Accounting for multiple funding sources for the same projects is the primary reason for the evolution of non-profit accounting standards. Non-profits need to illustrate where all funding is coming from and accurately calculate how much funding has been accrued and where that funding is spent. Aside from filing these reports with government agencies, non-profits will also need to demonstrate this information to grant agencies that may require matching funds to disperse grants as well as to account for non-financial sources of funding, such as volunteer work or expertise rendered. As such, non-profit accounting standards usually revolve around the use of the accrual accounting method. Using this method, non-profits can align accrued expenses with funding sources in a timely manner, allowing for continued dispersal of grants and other contingent funding.
Fund accounting is also another method commonly deployed by non-profit organizations, central to non-profit accounting standards. Leveraging fund accounting allows non-profits to allocate expenses against multiple funding sources. Doing so involves a tedious process, however, also allowing the organization to accurately allocate expenses to multiple funding sources, while ensuring all expenditures are tied to a funding source. Therefore, the balance sheets of a non-profit will retain the same categories as a standard business, but will usually have multiple sub categories to show how revenue and expenses are attached to each funding source.
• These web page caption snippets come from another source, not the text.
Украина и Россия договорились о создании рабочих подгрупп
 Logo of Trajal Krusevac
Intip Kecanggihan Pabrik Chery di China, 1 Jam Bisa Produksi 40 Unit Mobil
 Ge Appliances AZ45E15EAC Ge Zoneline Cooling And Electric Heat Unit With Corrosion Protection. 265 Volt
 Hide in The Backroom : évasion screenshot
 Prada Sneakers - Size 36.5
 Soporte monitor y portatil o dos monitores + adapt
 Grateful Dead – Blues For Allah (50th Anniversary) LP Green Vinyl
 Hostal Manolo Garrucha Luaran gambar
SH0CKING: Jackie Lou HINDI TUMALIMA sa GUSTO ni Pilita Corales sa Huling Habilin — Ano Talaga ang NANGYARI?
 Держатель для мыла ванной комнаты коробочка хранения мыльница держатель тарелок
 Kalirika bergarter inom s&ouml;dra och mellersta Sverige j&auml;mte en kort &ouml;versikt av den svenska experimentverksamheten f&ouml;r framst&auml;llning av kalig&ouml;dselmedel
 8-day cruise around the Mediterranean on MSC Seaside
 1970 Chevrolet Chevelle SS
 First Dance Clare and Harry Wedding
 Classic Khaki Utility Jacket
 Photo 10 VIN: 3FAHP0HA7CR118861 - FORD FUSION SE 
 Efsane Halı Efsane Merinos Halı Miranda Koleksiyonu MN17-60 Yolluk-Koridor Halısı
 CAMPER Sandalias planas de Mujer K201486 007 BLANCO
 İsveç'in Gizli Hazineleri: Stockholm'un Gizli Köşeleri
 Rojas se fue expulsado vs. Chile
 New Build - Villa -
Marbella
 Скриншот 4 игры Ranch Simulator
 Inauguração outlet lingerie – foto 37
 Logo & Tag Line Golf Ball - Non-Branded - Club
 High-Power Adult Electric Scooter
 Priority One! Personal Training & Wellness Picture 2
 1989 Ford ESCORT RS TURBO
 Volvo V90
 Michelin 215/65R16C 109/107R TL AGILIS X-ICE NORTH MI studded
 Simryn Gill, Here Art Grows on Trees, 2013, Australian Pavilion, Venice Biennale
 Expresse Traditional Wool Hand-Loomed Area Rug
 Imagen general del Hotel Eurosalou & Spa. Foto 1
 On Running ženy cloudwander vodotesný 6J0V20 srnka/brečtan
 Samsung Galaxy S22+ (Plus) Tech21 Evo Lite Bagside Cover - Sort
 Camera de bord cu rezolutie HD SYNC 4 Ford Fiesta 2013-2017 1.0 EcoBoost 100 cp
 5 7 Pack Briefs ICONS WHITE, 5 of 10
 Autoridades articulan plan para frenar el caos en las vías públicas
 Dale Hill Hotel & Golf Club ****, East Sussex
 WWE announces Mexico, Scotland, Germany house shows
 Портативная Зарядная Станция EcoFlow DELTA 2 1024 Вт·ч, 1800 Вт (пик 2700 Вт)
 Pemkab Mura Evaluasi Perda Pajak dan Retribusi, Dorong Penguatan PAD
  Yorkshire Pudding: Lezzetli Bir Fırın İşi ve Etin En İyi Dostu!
This expectation is often uniform across all external organizations in which a non-profit will need to report.
While daily reporting relies on non-profit accounting standards to accurately reconcile its monthly and quarterly reports, non-profits also have additional periodic reports it must file. Various funding sources may all have different time periods in which they need to review updated financial statements related to dispersal and program evaluation. Thus, non-profit accounting standards usually specify what those reports are, with whom they need to be filed, and when. Additionally, an external audit is usually part of this process to ensure the standards are being met.